» About this exercise:
Set the listing down again exactly, please, apart from its pictures.

Segment Start: Records shown

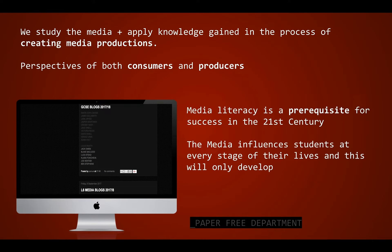In Media Studies, we study the media and mass communication, and we apply knowledge gained in the process of creating actual media products. We look at this from the perspective of both consumers — the audience — and producers — the creators. I believe that media literacy is an absolute prerequisite for success in the 21st century for young people, as the media influences them at every stage of their lives and is only going to develop.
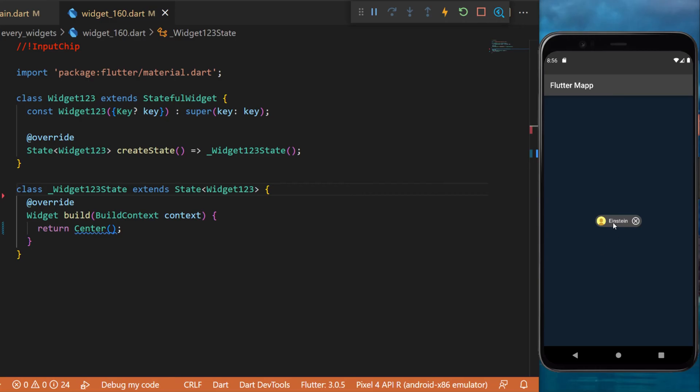The input chip widget. This is how the widget looks like. You can press on it to put a checkmark or you can click the delete button.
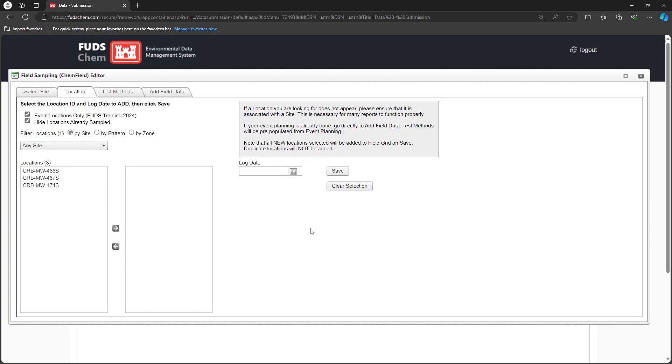For this example, we only have one CoC to enter, so we will only need one CHEM field file.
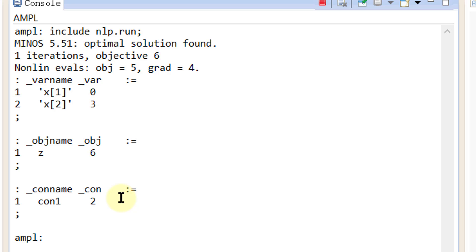That is how to model and solve nonlinear programming problems in AMPL. Thanks for watching.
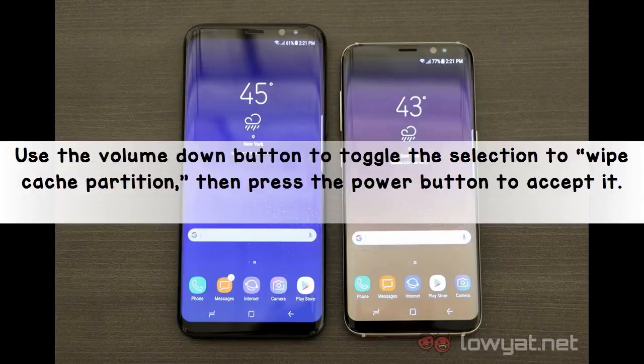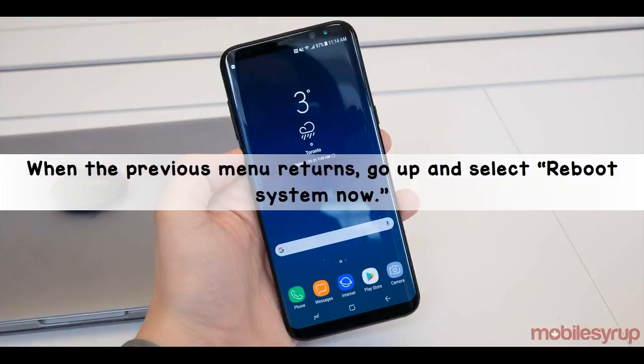Use the volume down button to toggle the selection to wipe cache partition, then press the power button to accept it. When the previous menu returns, go up and select reboot system now.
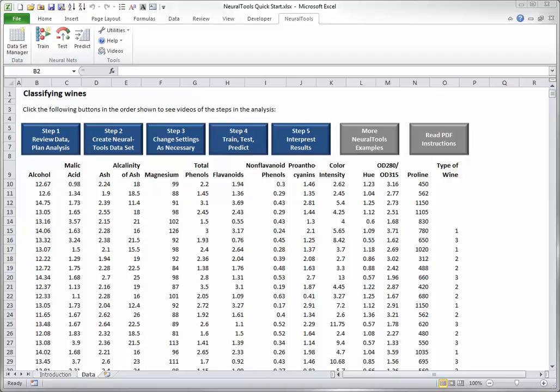Step 1. Review the data and plan the analysis. Before you create any neural nets, you should examine your data carefully and decide what you want to achieve.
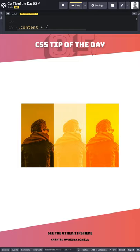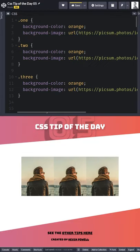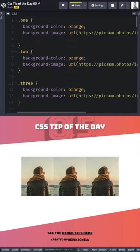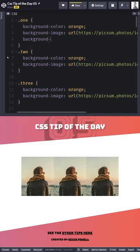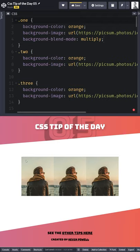In this CSS tip of the day, we're going to see how we can have a background image and a background color and have them blend into one another. The first thing we have to do for these types of effects is to have both a background color and a background image on the div, or whatever it is you're working with. Then you can also add in a background-blend-mode — we'll start with multiply, and that will sort of darken things up.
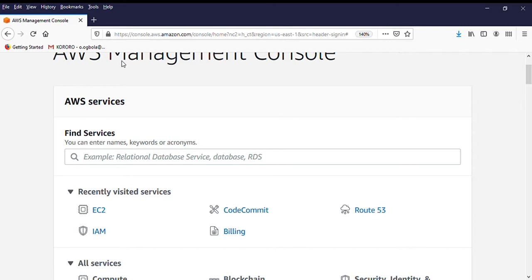This is what you need. You need at least two servers to be currently running because we are going to have those two servers into a target group.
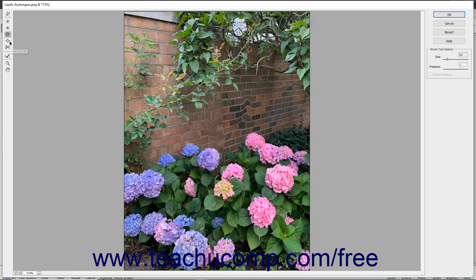The Bloat tool pushes pixels from the center of a brush towards the outer edge of the brush.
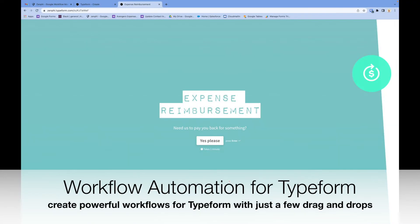Hi everyone, today I'm going to show you how you can easily create Zenphi workflows for your Typeform forms.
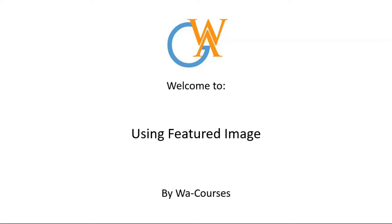Hello guys and welcome to Using Featured Image by WA Courses. In this video I'm going to show you how you can assign a featured image to your posts on your WordPress website. So with the introduction out of the way, let's get started.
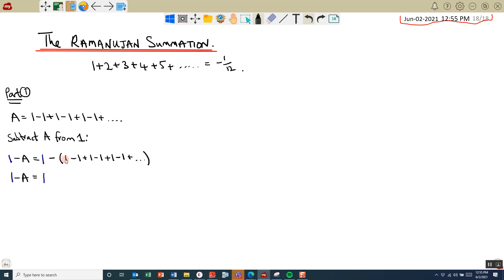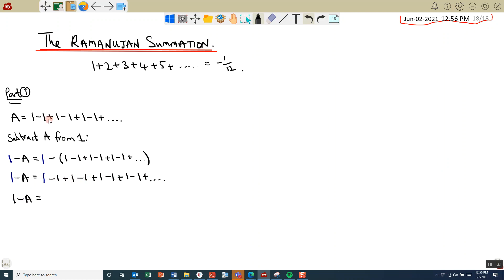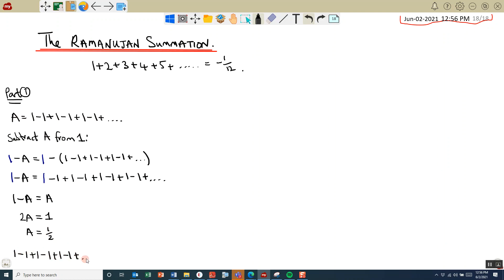On the right-hand side, I've got 1, subtract — I'm subtracting all of this sequence, so I'm subtracting 1, and then subtracting a negative, which means I'm actually adding 1, then subtracting positive 1 again, then subtracting negative 1, so subtracting negative 1 becomes plus 1, and so on. If we look at this, on the right-hand side I've got 1 take away 1 plus 1, which is actually the same as our initial sequence — so this is A. Now I've got an equation I can solve for A: adding A to both sides gives 2A equals 1, so A equals 1 half. So this sequence 1 minus 1 plus 1 minus 1 plus 1 minus 1, doing that indefinitely, actually sums to 1 half.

Segment End: Records shown

» Solution to this problem:
In Media Studies, we study the media and mass communication, and we apply knowledge gained in the process of creating actual media products. We look at this from the perspective of both consumers — the audience — and producers — the creators. I believe that media literacy is an absolute prerequisite for success in the 21st century for young people, as the media influences them at every stage of their lives and is only going to develop.
The input chip widget. This is how the widget looks like. You can press on it to put a checkmark or you can click the delete button.
For this example, we only have one CoC to enter, so we will only need one CHEM field file.
That is how to model and solve nonlinear programming problems in AMPL. Thanks for watching.
Use the volume down button to toggle the selection to wipe cache partition, then press the power button to accept it. When the previous menu returns, go up and select reboot system now.
Step 1. Review the data and plan the analysis. Before you create any neural nets, you should examine your data carefully and decide what you want to achieve.
In this CSS tip of the day, we're going to see how we can have a background image and a background color and have them blend into one another. The first thing we have to do for these types of effects is to have both a background color and a background image on the div, or whatever it is you're working with. Then you can also add in a background-blend-mode — we'll start with multiply, and that will sort of darken things up.
This is what you need. You need at least two servers to be currently running because we are going to have those two servers into a target group.
The Bloat tool pushes pixels from the center of a brush towards the outer edge of the brush.
Hi everyone, today I'm going to show you how you can easily create Zenphi workflows for your Typeform forms.
Hello guys and welcome to Using Featured Image by WA Courses. In this video I'm going to show you how you can assign a featured image to your posts on your WordPress website. So with the introduction out of the way, let's get started.
On the right-hand side, I've got 1, subtract — I'm subtracting all of this sequence, so I'm subtracting 1, and then subtracting a negative, which means I'm actually adding 1, then subtracting positive 1 again, then subtracting negative 1, so subtracting negative 1 becomes plus 1, and so on. If we look at this, on the right-hand side I've got 1 take away 1 plus 1, which is actually the same as our initial sequence — so this is A. Now I've got an equation I can solve for A: adding A to both sides gives 2A equals 1, so A equals 1 half. So this sequence 1 minus 1 plus 1 minus 1 plus 1 minus 1, doing that indefinitely, actually sums to 1 half.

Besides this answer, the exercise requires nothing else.